I. Reconnaissance du principe de la responsabilité civile des grands émetteurs
A. Faits et portée de la décision du tribunal de Hamm
Un tribunal allemand (cour d'appel de Hamm) a jugé que les grands émetteurs privés de gaz à effet de serre comme RWE peuvent être tenus responsables des dommages liés au réchauffement climatique, même lorsque ces dommages se produisent à des milliers de kilomètres de leur siège.
L’affaire concerne un paysan péruvien, Saúl Luciano Lliuya, qui demandait une contribution proportionnelle aux émissions historiques de RWE (0,47 %) pour financer la prévention des inondations menaçant sa ferme.
B. Un précédent jurisprudentiel à portée transnationale
La cour d'appel a confirmé pour la première fois qu’un émetteur privé peut être poursuivi sur une base civile pour son rôle dans le changement climatique.
Elle a ouvert la voie à l’utilisation des études d’attribution comme preuve, ainsi qu’à une responsabilité proportionnelle aux émissions.

II. Limites de l’engagement juridique et conséquences pratiques
A. Rejet de la demande absence de danger concret
Malgré cette avancée, l’affaire a été rejetée pour absence de risque suffisant : la cour a estimé que la probabilité d’inondation environ 1 % dans les 30 ans était trop faible pour justifier des indemnités.
B. Effets juridiques et symboliques de la décision
• Déclaration provisoire : le tribunal affirme que si les risques étaient avérés, l’émetteur pourrait être tenu de prendre des mesures préventives .
• Impact financier : la procédure a déjà affecté la valorisation boursière de RWE, soulignant le risque juridique comme facteur économique.
• Signal politique et sociétal : toutes les parties (CIEL, Germanwatch, experts) considèrent cette décision comme une étape déterminante, à même d’orienter tant les régulations que les stratégies d’entreprise et des investisseurs.

III- Analyse juridique
A. Base légale reconnue
La cour s’appuie sur l’article 1004 du Code civil allemand (BGB), qui permet à un propriétaire de désigner un « perturbateur » (Störer) requérant la suppression du trouble ou son interdiction
Elle admet que les émissions de RWE constituent un trouble si celles-ci augmentent le risque de dommages climatiques à long terme, et entérine l’idée qu'une part du risque peut être attribuée proportionnellement aux émissions de l'émetteur.
B. Causalité et attribution scientifique
Le tribunal accepte que l’analyse scientifique notamment l'étude de contribution de 0,47 % des émissions globales constitue un lien de causalité pertinent, en dépit de la complexité des phénomènes climatiques.

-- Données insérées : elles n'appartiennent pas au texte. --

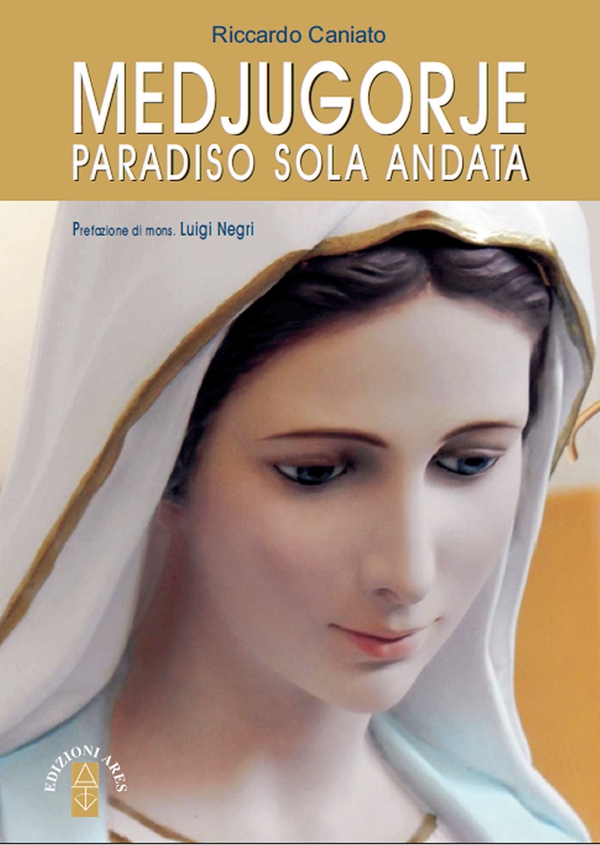 Medjugorje. Paradiso sola andata - Librerie.coop Medjugorje. Paradiso sola andata - Librerie.coop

Il repousse l’argument selon lequel l’effet d’un seul émetteur serait trop insignifiant ou dilué.
La décision démontre toutefois que la reconnaissance théorique de la responsabilité ne suffit pas à elle seule : il faut un risque concret, tangible et imminent pour justifier une obligation juridique de mener des travaux de prévention. La jurisprudence établira désormais une balance entre preuve scientifique et seuil juridique de réalisation du risque.